**WORK ORDER**
Using the listing below, output only the lines from the one that contains "ブラウン フード付きダウンベスト" through the one that contains "3230 SW 98th Ave 0, Miami, FL 33165", inclusive, exactly as given and without images.

**MATERIAL FOR THE TASK**
▼

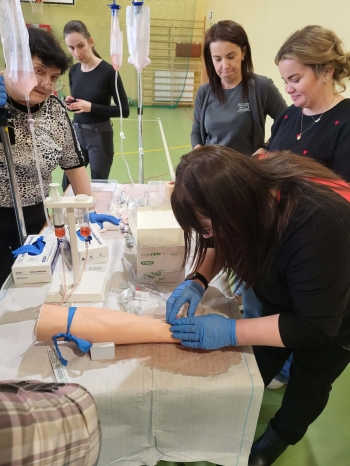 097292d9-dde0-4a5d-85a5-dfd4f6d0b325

▲
▼

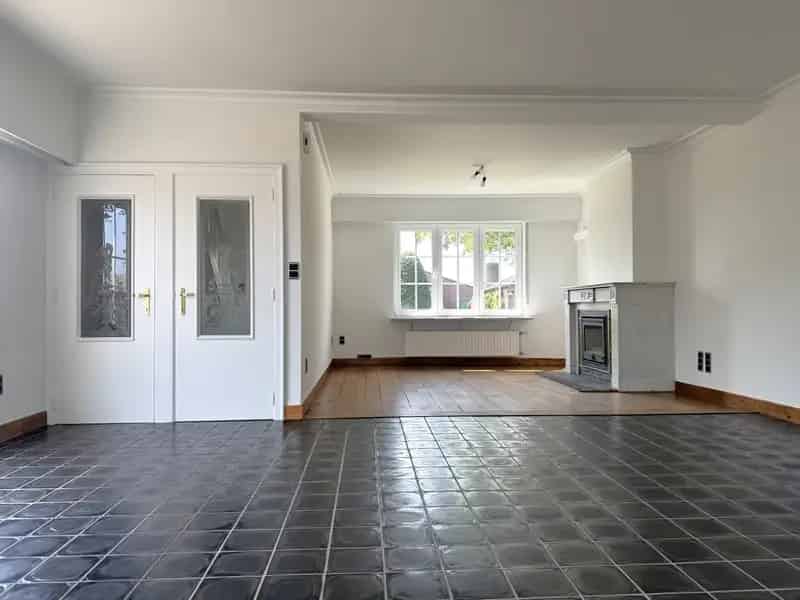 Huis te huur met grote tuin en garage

▲
▼

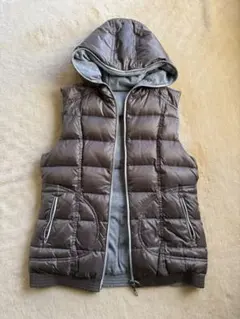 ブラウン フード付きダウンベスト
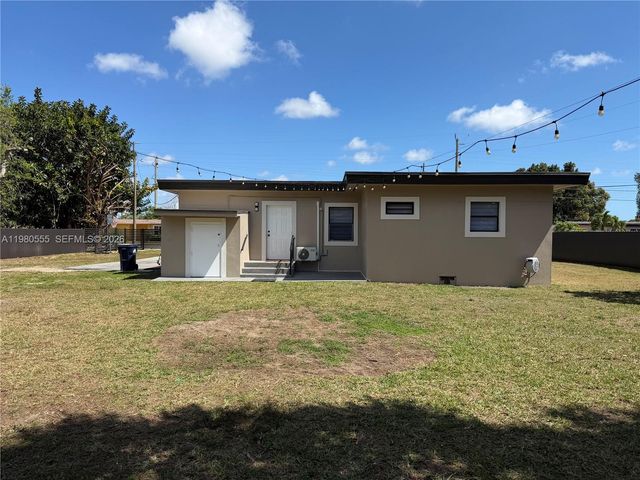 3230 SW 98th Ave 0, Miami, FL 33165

▲

**ANSWER TO THIS PROBLEM**
 ブラウン フード付きダウンベスト
 3230 SW 98th Ave 0, Miami, FL 33165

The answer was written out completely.